Calcutta, Dec. 1: Zee, which became an outcast in the cricket establishment after waging a bitter legal battle with the Jagmohan Dalmiya regime, is back in the game.

Less than 48 hours after the reins of the Board of Control for Cricket in India (BCCI) changed hands, Zee Sports has bagged the satellite rights to the three-Test series between India and Sri Lanka, scheduled to start tomorrow in Chennai.

A dramatic turn of events in Delhi High Court this morning set the stage for Zee’s bounceback, almost overshadowing another comeback in Chennai by Sourav Ganguly.

The high court, already hearing a Zee petition challenging the telecast tender process that disqualified the television network, ordered bidding for the Lanka Tests with a rider that a decision should be taken today itself.

Soon after a division bench of Justices M.K. Sharma and R.C. Chopra asked the BCCI to invite bids, the board did so and called a meeting of prospective bidders. Zee, ESPN STAR Sports and Nimbus responded. Ten Sports and Sony, the two other regular contenders, did not bid.

According to sources, Zee Sports paid Rs 19.5 crore for the three Lanka Tests ' the first rights being awarded in Indian cricket after Sharad Pawar ousted the Dalmiya camp and took over as BCCI president. Cricket is vital for the survival of any sport channel in India and Zee had greeted the BCCI change of guard with relief, saying there will be a “level playing field” now.

“Delhi High Court had allowed the earlier board to make telecast arrangements only for the two ODI series featuring South Africa and Sri Lanka. So we had to decide on the Test series,” Lalit Modi, a vice-president of the new board and the president of the Rajasthan Cricket Association, said.

A statement issued by Zee said: “In an open and transparent meeting with the BCCI, in which all bidders were present, we managed to secure the rights for the series.” TransWorld International will produce the feed.

ESPN STAR Sports refused comment. According to sources, ESPN’s bid amount was around “Rs 70 lakh” less than Zee’s.

The satellite and terrestrial rights to the Lanka Tests ' along with the two one-day series featuring Sri Lanka and South Africa ' had been awarded to Doordarshan by the earlier board as an “interim” arrangement. The state-run broadcaster had also installed transmission equipment at the venue of tomorrow’s match.

Prasar Bharati counsel Rajiv Sharma informed the high court of the commitment today and showed a letter from former board secretary S.K. Nair. The bench asked Sharma to move a proper application by tomorrow.

“But we are happy with the terrestrial rights for the Tests, which must be given to us as per the Centre’s mandate,” K.S. Sarma, the CEO of Prasar Bharati which manages Doordarshan, told The Telegraph.

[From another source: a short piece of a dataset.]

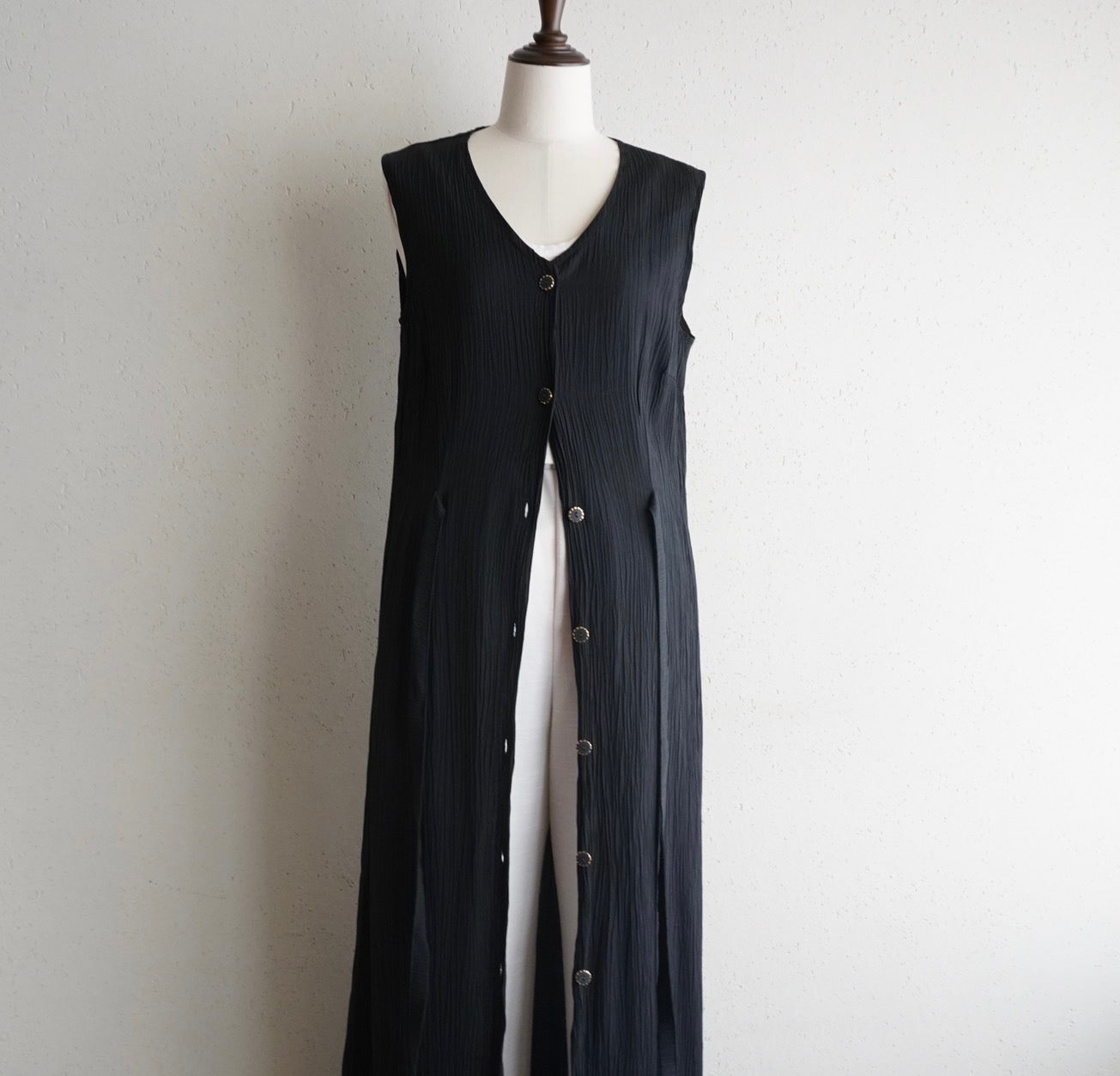 90s Sleeveless Maxi Dress Made in Italy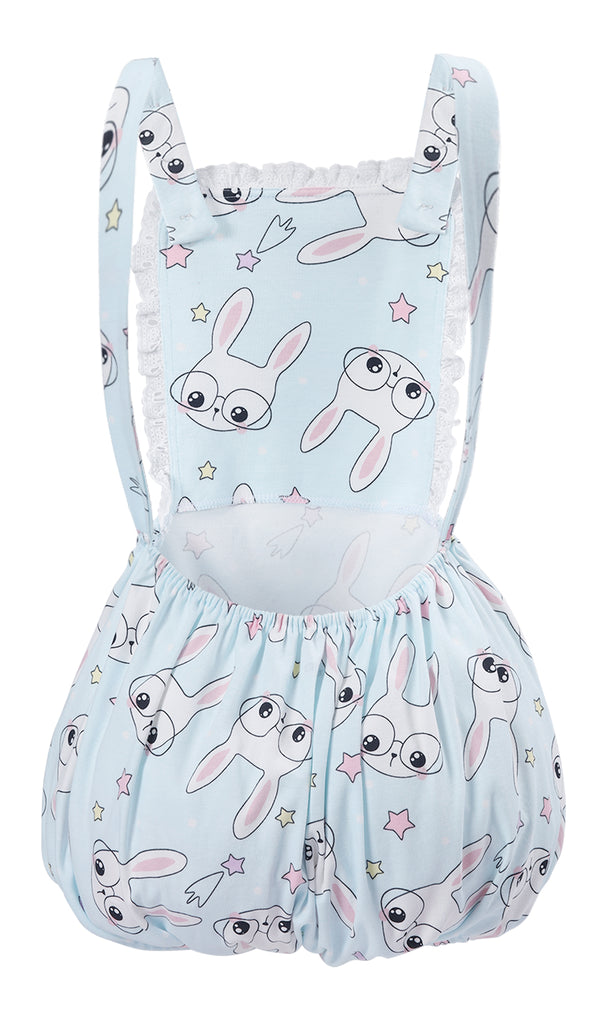 Dr Bunny Overall-Blue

Assured of the feed following a cabinet decision, Doordarshan did not bid for the satellite rights for the Test series at today’s proceedings.

Ten Sports and Sony, which had participated in the four-year cricket rights bidding process, were not interested in the Lanka Tests either. “They conveyed to us that due to the short notice they would not be able to participate in the bidding,” Modi said. “However, they have told us they would be present for the next round of bidding.”

According to sources, the bidding process for the four-year rights to cricket played in India could be taken up by the new BCCI board “in the next 10 days”.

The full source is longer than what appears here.